Change ld_list according to #439 #445

notactuallyfinn · 2025-10-17T11:54:57Z

#439 is not yet completely discussed/ the propositions not approved.
This PR contains the changes that seem plausible as of now.

…ifferent

@type

…rsion of @type values

sdruskat

Apart from the syntactic changes - which I personally would roll back, but that's preference - I'd really like to get another pair of eyes on this as I'm currently struggling to reload all the context to understand all changes.

@led02, would you be able to have a look at this?

sdruskat · 2025-11-07T08:18:39Z

src/hermes/model/types/__init__.py

+    (ld_list.is_ld_list, {"ld_container": ld_list}),
+    (lambda c: isinstance(c, list), {"ld_container": lambda c, **kw: ld_list([{"@list": c}], **kw)}),

    # pythonize items from lists (expanded set is already handled above)
-    (ld_container.is_json_id, dict(python=lambda c, **_: c["@id"])),
-    (ld_container.is_typed_json_value, dict(python=ld_container.typed_ld_to_py)),
-    (ld_container.is_json_value, dict(python=lambda c, **_: c["@value"])),
-    (ld_list.is_container, dict(ld_container=lambda c, **kw: ld_list([c], **kw))),
-    (ld_dict.is_json_dict, dict(ld_container=lambda c, **kw: ld_dict([c], **kw))),
+    (ld_container.is_json_id, {"python": lambda c, **_: c["@id"]}),
+    (ld_container.is_typed_json_value, {"python": lambda c, **kw: ld_container.typed_ld_to_py([c], **kw)}),
+    (ld_container.is_json_value, {"python": lambda c, **_: c["@value"]}),
+    (ld_list.is_container, {"ld_container": lambda c, **kw: ld_list([c], **kw)}),
+    (ld_dict.is_json_dict, {"ld_container": lambda c, **kw: ld_dict([c], **kw)}),
+    (lambda v: isinstance(v, str), {"python": lambda v, parent, **_: parent.ld_proc.compact_iri(parent.active_ctx, v)}),

    # Convert internal data types to expanded_json
-    (lambda c: ld_container.is_json_id(c) or ld_container.is_json_value(c), dict(expanded_json=lambda c, **_: [c])),
-    (ld_dict.is_json_dict, dict(expanded_json=lambda c, **kw: ld_dict.from_dict(c, **kw).ld_value)),
-    (ld_dict.is_ld_dict, dict(expanded_json=lambda c, **kw: ld_dict.from_dict(c[0], **kw).ld_value)),
+    (lambda c: ld_container.is_json_id(c), {"expanded_json": lambda c, **_: c}),
+    (lambda c: ld_container.is_ld_id(c), {"expanded_json": lambda c, **_: c[0]}),
+    (lambda c: ld_container.is_json_value(c), {"expanded_json": lambda c, **_: [c]}),


Why the change in syntax? Why not keep using the dict constructor which - IMHO - reads cleaner?

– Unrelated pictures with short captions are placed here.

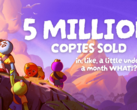 Pictured - the graphic shared by Aggro Crab's X account to celebrate 5 million copies being sold. (Image source: @Aggro Crab on X/Twitter)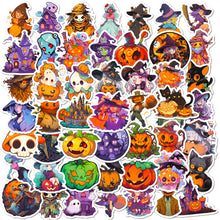 Load image into Gallery viewer, 50pcs Children's Cartoon Graffiti Halloween Stickers Pumpkin Ghost Witch Bat Halloween Carnival Stickers
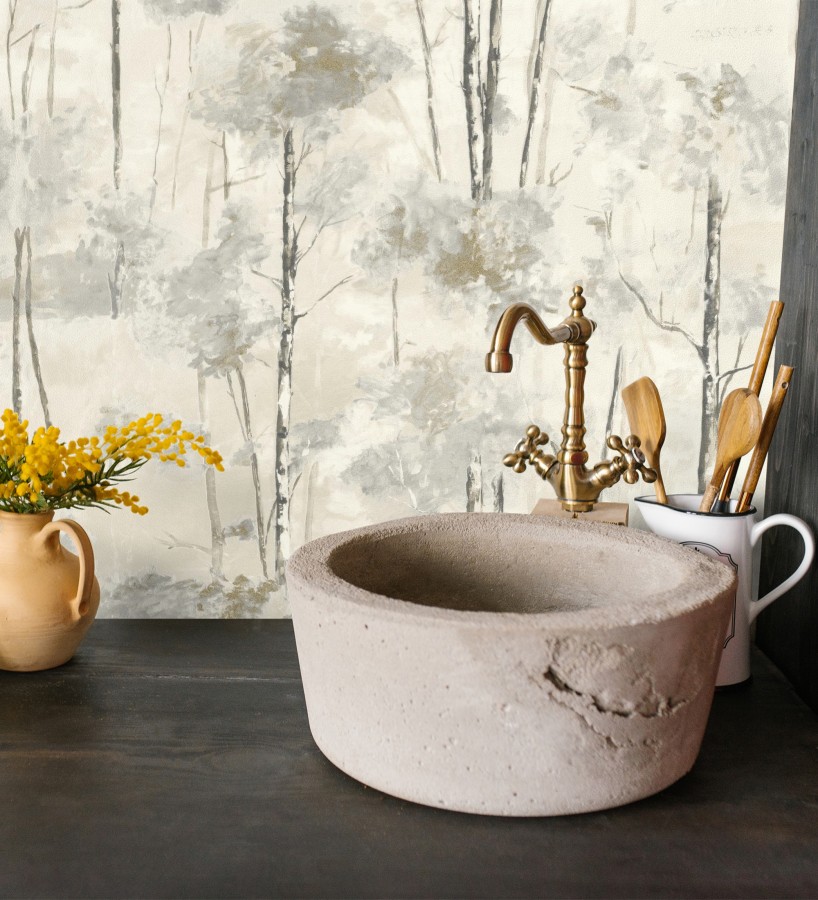 Papel pintado bosque pictórico etéreo con copas de árboles tonos gris piedra  Tagus Silvery 684495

In fact, I've tried both and liked None of them (with the dict(...) variant being a bit more readable ... but that's subjective).

If there is a refactoring going on here, do it properly (i.e., providing some class that encapuslates these rules and maybe also allow for better configurability, extensibility, documentabilty, ...). I would really appreciate this, making the connection more explicit without adding to much complexity.

Also note that the introduction of a rule class or similar is most probably required anyways when it comes to configuring the process step.

led02

Restricting the container types of ld_list will certainly break functionality. I fully understand the discussion about the unclear class name and would advise to just rename the class instead of removing alternate container types (e.g., the provenance data will be collected in a graph; I've come across example data that also uses @set).

When changeging the rules, don't stop at syntactic sugar but go the full way for the refactoring (which would be appreciated ;) )

Except for that, this basically looks good but the ordering of the rules took me a bit of fine-tuning back then, hence if there are changes to the filters or order, I would be a good idea to document the reasons for this in the code (even though I did not do this before... I'm not a good example).

The other thing is that developers need to be aware that those classes (in contrast to their counterparts in the merging package), are pure facade - i.e., changes to the contents must be directly reflected in the original expanded JSON-LD. If data is read from these classes, it should be returned in a way that it also delays the actual data extraction to the latest time possible... lazy evaluation. (It is clear that e.g., an integer cannot reflect changes and most probably should not... but this behaviour needs to be clear to the users, too.)
Hence, I would propose adding respective test cases similar to my suggestion in test_list_basics that check for identity and ensure the underlying data structure behaves as expected.

led02 · 2025-11-07T11:56:20Z

src/hermes/model/types/__init__.py

-     dict(ld_container=lambda c, **kw: ld_list([{"@list": c}], **kw))
-    ),
+    (ld_list.is_ld_list, {"ld_container": ld_list}),
+    (lambda c: isinstance(c, list), {"ld_container": lambda c, **kw: ld_list([{"@list": c}], **kw)}),


The side condition is important to my understanding. This rule should invoked upon an expanded JSON-LD list. In fact, the rule should be even more strict ensuring the items in the list are not only dicts but valid JSON-LD values.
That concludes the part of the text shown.